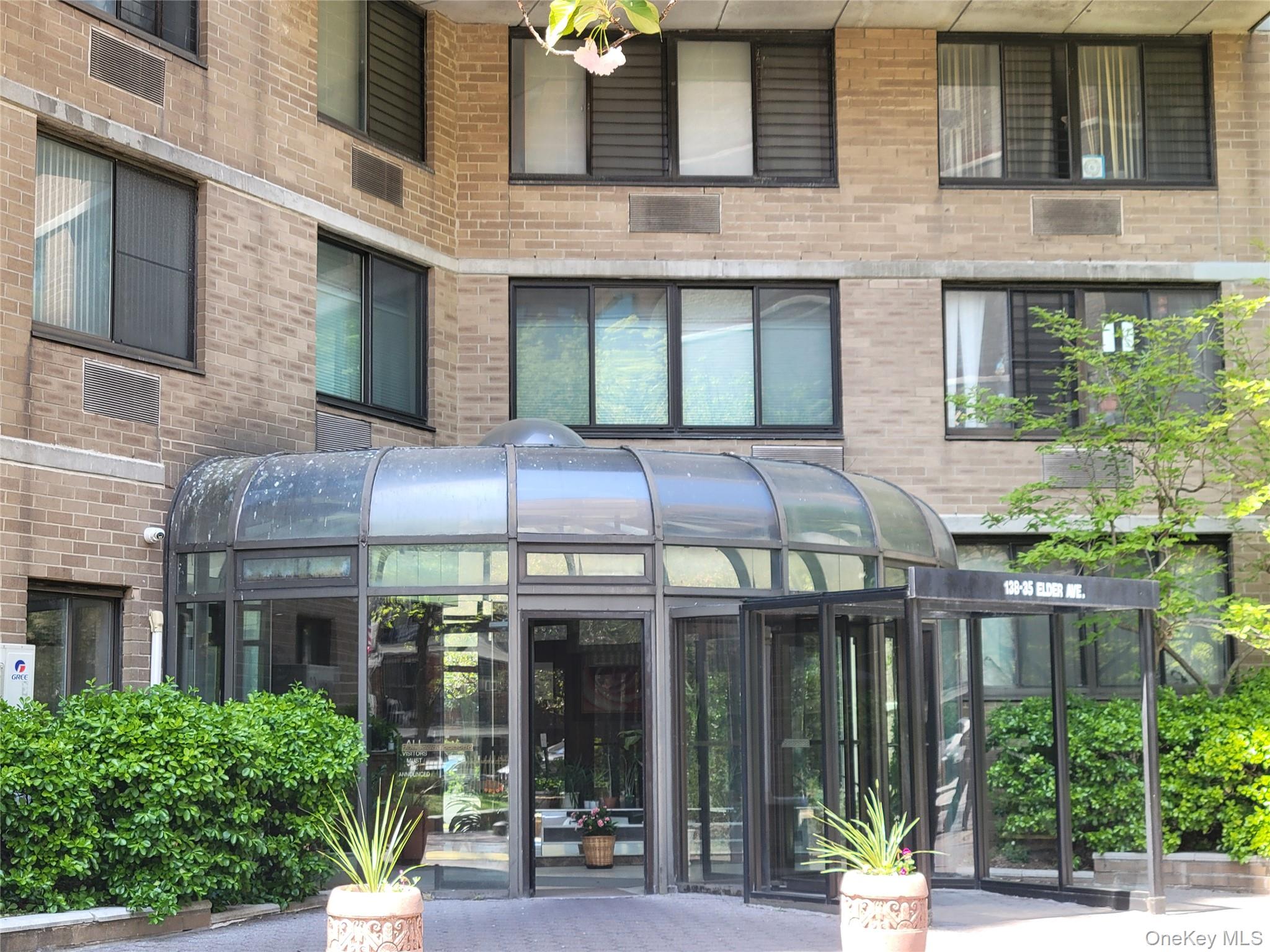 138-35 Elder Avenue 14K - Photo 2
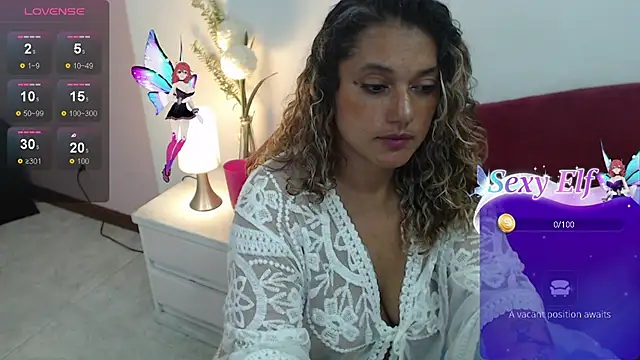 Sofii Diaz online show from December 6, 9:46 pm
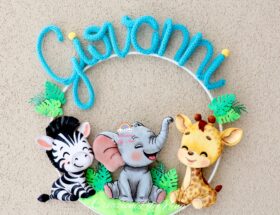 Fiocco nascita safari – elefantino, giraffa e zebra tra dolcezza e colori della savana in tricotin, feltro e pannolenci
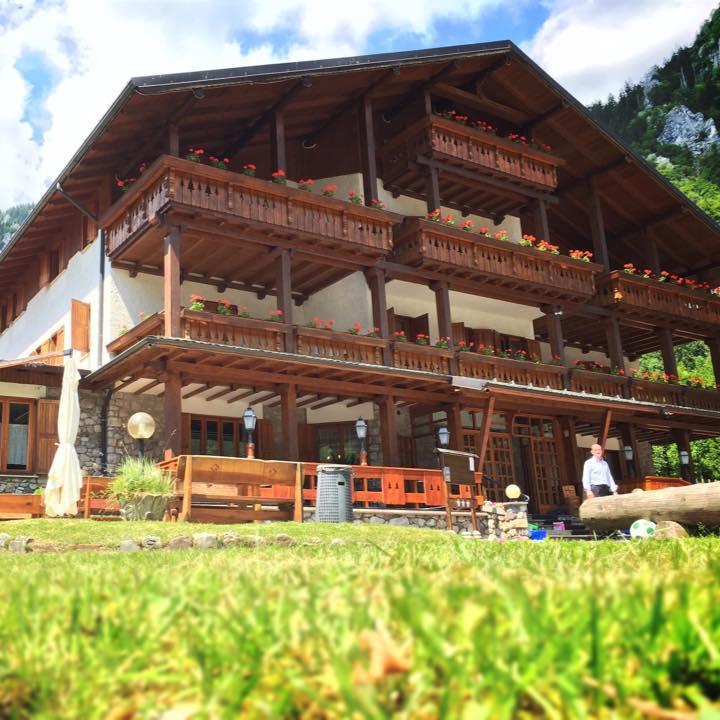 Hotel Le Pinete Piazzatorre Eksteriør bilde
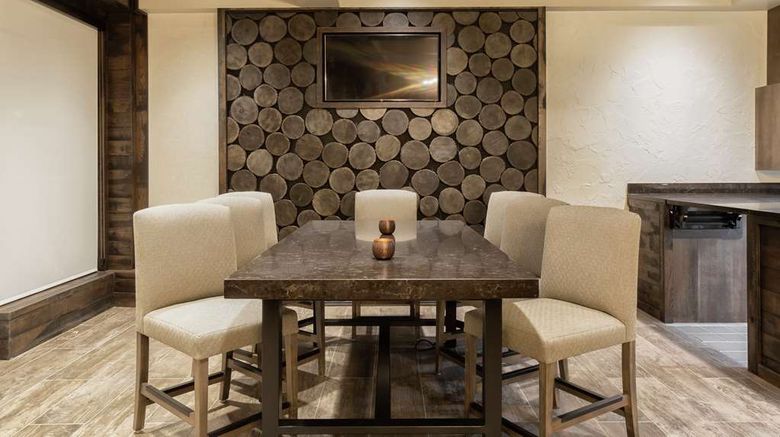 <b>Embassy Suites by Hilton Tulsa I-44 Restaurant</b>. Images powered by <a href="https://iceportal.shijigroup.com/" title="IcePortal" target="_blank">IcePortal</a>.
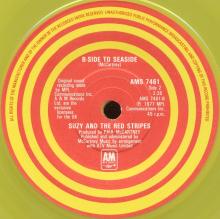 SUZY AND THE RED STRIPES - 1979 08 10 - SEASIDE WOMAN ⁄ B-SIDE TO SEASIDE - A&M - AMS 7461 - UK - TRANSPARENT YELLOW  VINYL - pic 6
::::
Exercise instructions |
Each of the lines above should be transcribed exactly; no image is to be copied.

Result of this exercise |
 138-35 Elder Avenue 14K - Photo 2
 Sofii Diaz online show from December 6, 9:46 pm
 Fiocco nascita safari – elefantino, giraffa e zebra tra dolcezza e colori della savana in tricotin, feltro e pannolenci
 Hotel Le Pinete Piazzatorre Eksteriør bilde
 <b>Embassy Suites by Hilton Tulsa I-44 Restaurant</b>. Images powered by <a href="https://iceportal.shijigroup.com/" title="IcePortal" target="_blank">IcePortal</a>.
 SUZY AND THE RED STRIPES - 1979 08 10 - SEASIDE WOMAN ⁄ B-SIDE TO SEASIDE - A&M - AMS 7461 - UK - TRANSPARENT YELLOW  VINYL - pic 6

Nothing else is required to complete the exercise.